Unknown status hosts .. unstable ceph .. help!

leex12 · May 25, 2022

I have a 5 node cluster which has been working fine but seems to have gone crazy a day or two after i did an update (pve-manager/7.2-4/ca9d43cc (running kernel: 5.15.35-1-pve)).

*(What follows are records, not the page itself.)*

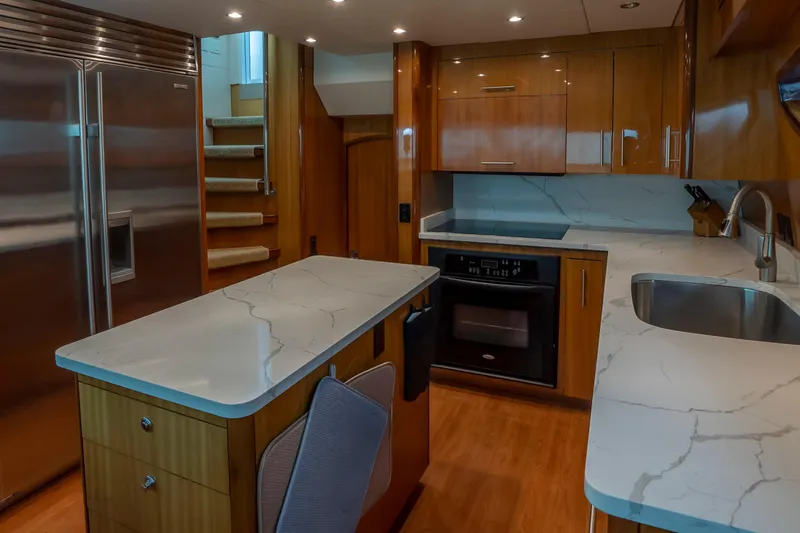 Gallopin Yacht Photos Pics Hatteras 80 Gallopin- Galley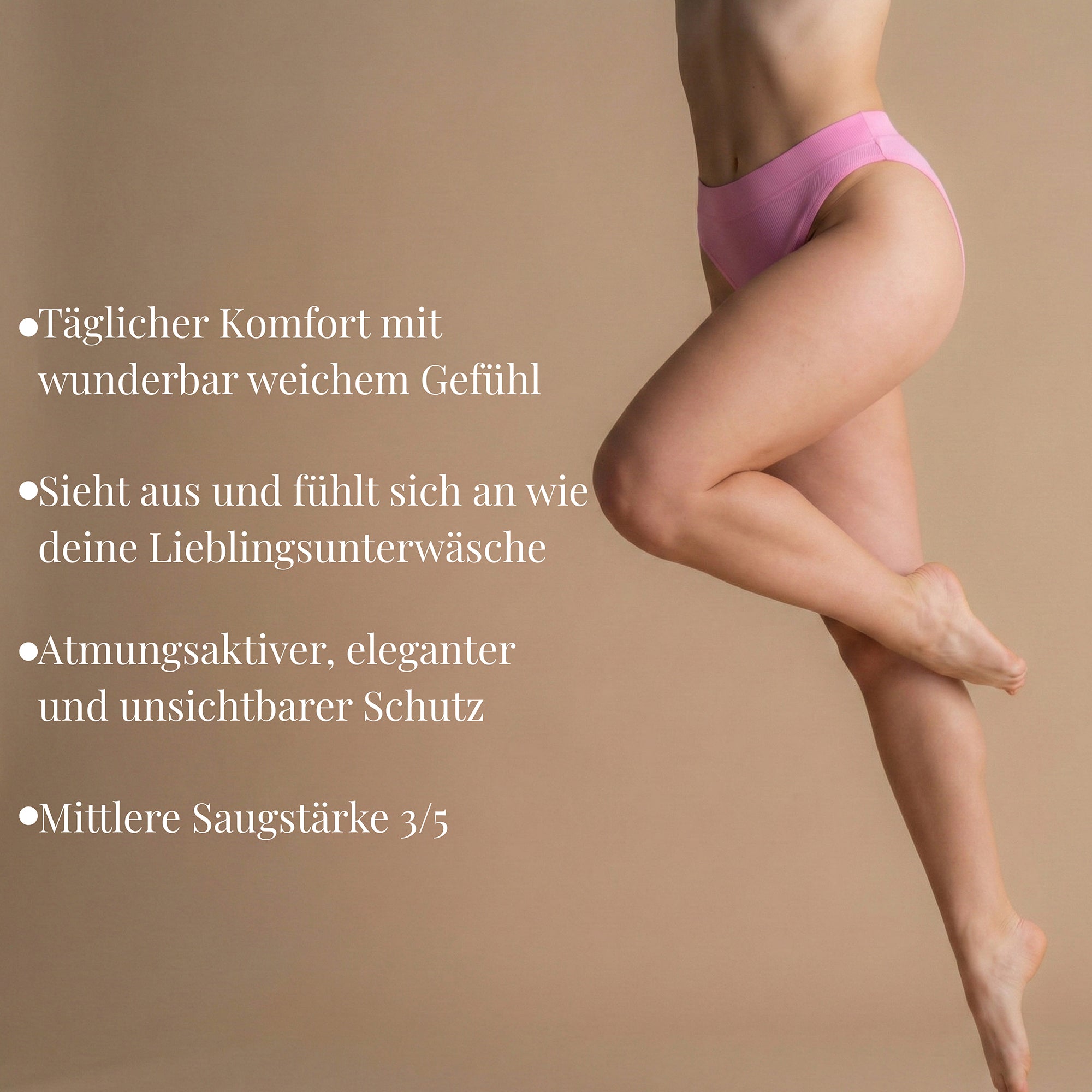 Model in rosa Leakproof Ribbed High Waist Brief, daneben deutsche Stichpunkte zu weichem Tragegefühl, Lieblingsunterwäsche-Look, atmungsaktivem unsichtbarem Schutz und mittlerer Saugstärke 3/5.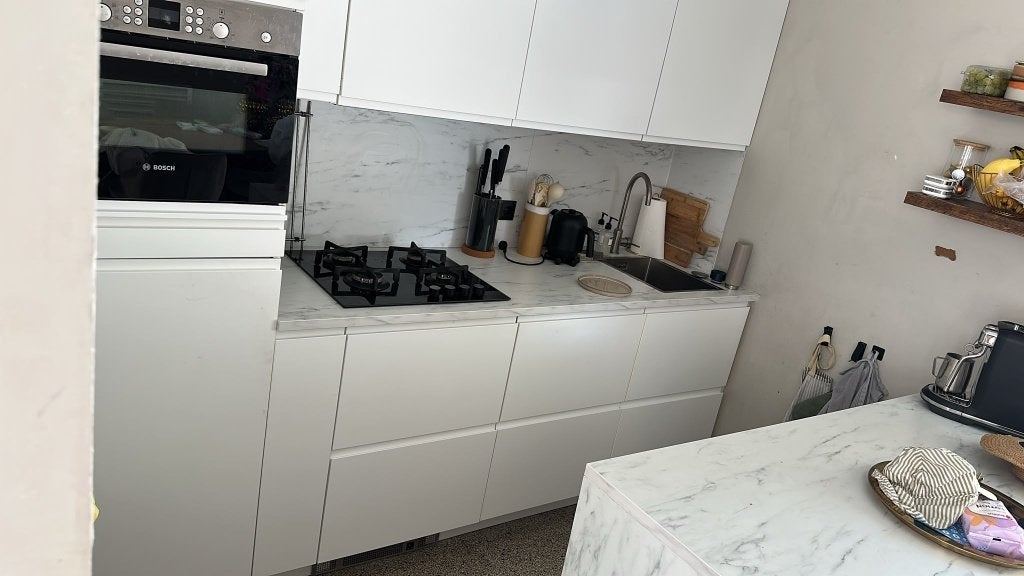 Moderne mat witte greeploze eilandkeuken GEDEMONTEERD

After a while three (the same three) of the hosts go grey but are still up. Run the following commands and it comes back for a while
systemctl restart ceph.target
service pve-cluster restart
service pveproxy restart
service pvedaemon restart
service pvestatd restart

however two of the three are monitor and manager for ceph. Whilst its got the status of running the host is 'unknown'

looking at journalctl -xe i see a bunch of ceph heartbeat errors .. "osd.2 13485 heartbeat_check: no reply from 192.168.107.55" which is really odd as that IP has nothing to do with the servers

aaron · May 25, 2022

Can you post your /etc/pve/ceph.conf contents?

Do you have the firewall enabled?

Can the nodes ping each other on the IP addresses used for Ceph?

leex12 · May 25, 2022

HI,

I haven't enabled the proxmox f/w on any of the hosts. Interestingly all the hosts can ping the public address (whch is the backup network for ceph) but one node can't be reached on the primary ceph link (10.107.x.x)

[global]
auth_client_required = cephx
auth_cluster_required = cephx
auth_service_required = cephx
cluster_network = 10.107.0.4/16
fsid = 1e8245d2-c907-490c-98e0-cddf1c2dea80
mon_allow_pool_delete = true
mon_host = 192.168.107.8 192.168.107.2 192.168.107.1
ms_bind_ipv4 = true
ms_bind_ipv6 = false
osd_pool_default_min_size = 2
osd_pool_default_size = 3
public_network = 192.168.107.4/24

[client]
keyring = /etc/pve/priv/$cluster.$name.keyring

[mds]
keyring = /var/lib/ceph/mds/ceph-$id/keyring

[mds.pve01]
host = pve01
mds_standby_for_name = pve

[mds.pve02]
host = pve02
mds_standby_for_name = pve

[mds.pve08]
host = pve08
mds_standby_for_name = pve

[mon.pve01]
public_addr = 192.168.107.1

[mon.pve02]
public_addr = 192.168.107.2

[mon.pve08]
public_addr = 192.168.107.8

aaron · May 25, 2022

leex12 said:
but one node can't be reached on the primary ceph link (10.107.x.x)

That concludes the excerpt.